Health care isn't just about making new treatments possible; it's also about
making existing treatments _efficient_ and _inexpensive_.

------
iamelgringo
* While acknowledging that the administration's heart is in the right place, he pointed out that traditionally, direct investment in technology by governments doesn't work out well. He said the United State's subsidies on ethanol, France's decision to skip the Internet in favor of the state-sponsored Minitel, and Japan's direct investment in supercomputers as it tried to spend its way out of a recession were examples of poor investments. *

I'd be willing to say that VC's aren't really interested in government funded
research because it actively competes with them.
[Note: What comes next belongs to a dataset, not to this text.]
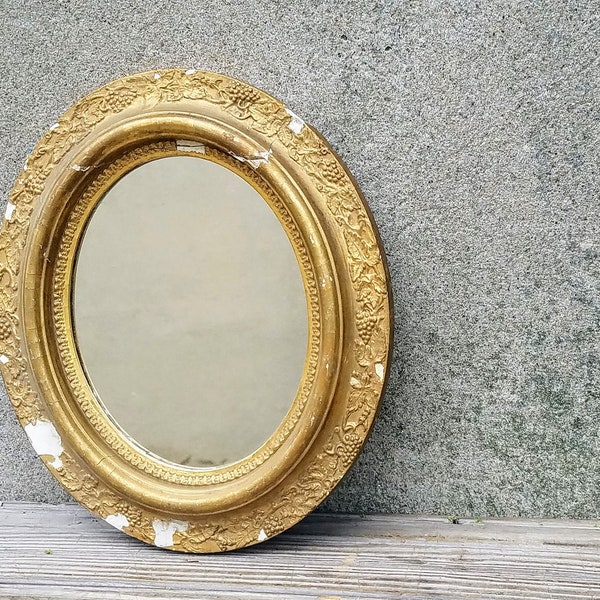 Vintage Art Deco All Original Oval Gold Over Gesso Wall Mirror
I've been thinking about the roll of government funded research for a while,
and I've been amazed at how much science is advanced by military and
government funding. Take the tour at the Computer History Museum. I doubt that
computing history would have been the same without massive government funding
of Colossus and ENIAC. Where would the internet be without ARPANET?
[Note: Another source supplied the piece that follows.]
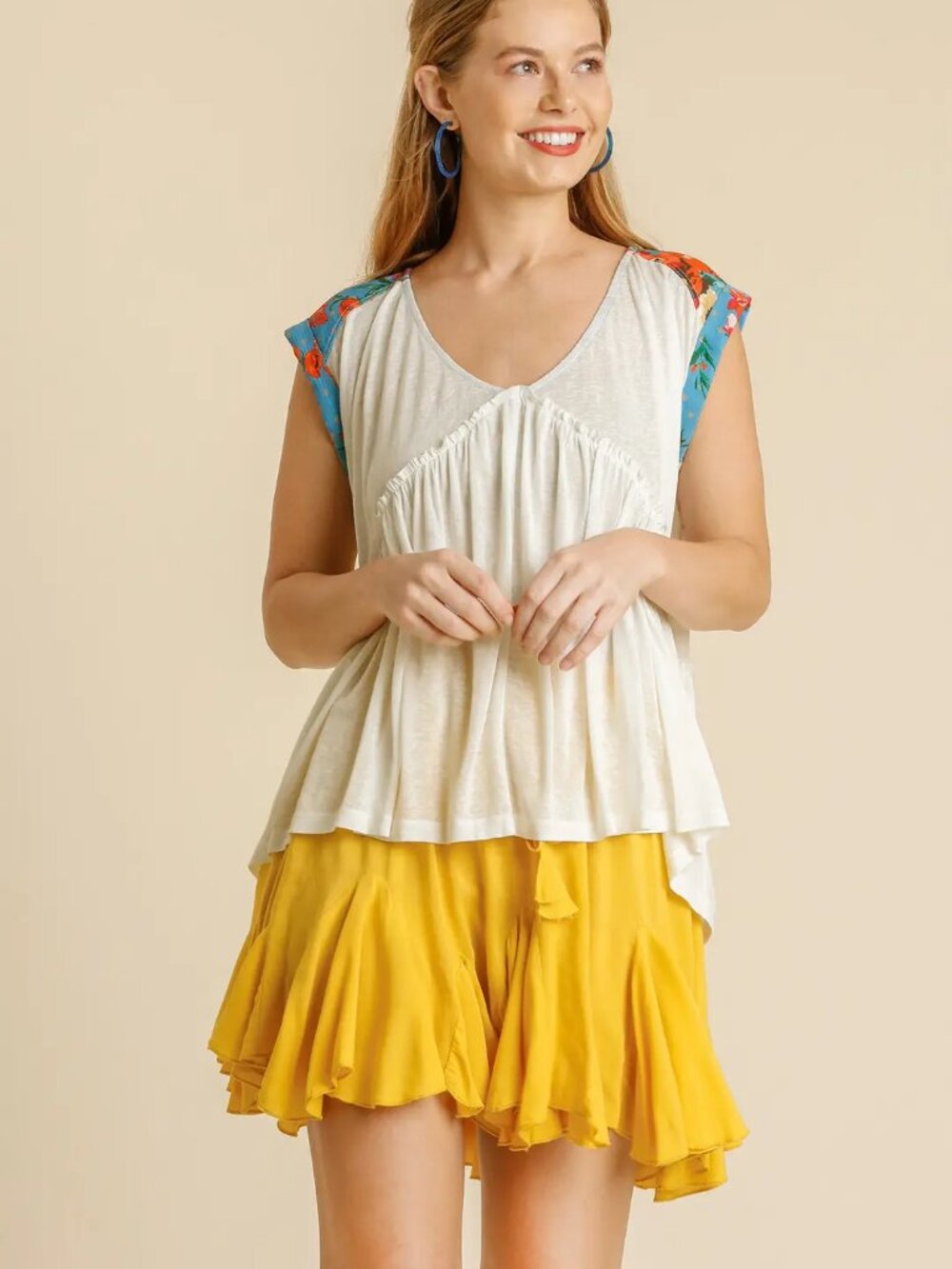 B23 Umgee Sheer Floral Print V-Neck Short Folded Sleeve Ruffle Trimmed Top NEW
Where would nuclear energy be without the Manhattan project? Where would
chemical science be without the huge funding in World War I:
<http://en.wikipedia.org/wiki/Military_funding_of_science>

Would our understanding of technologies like radar and sonar be the same
without government funding? Would the semi-conductor industry be the same
without government investment at it's inception? Certainly NASA has developed
a few good technologies.

------
pj
VC's are the best predictors of irrational investment ideas.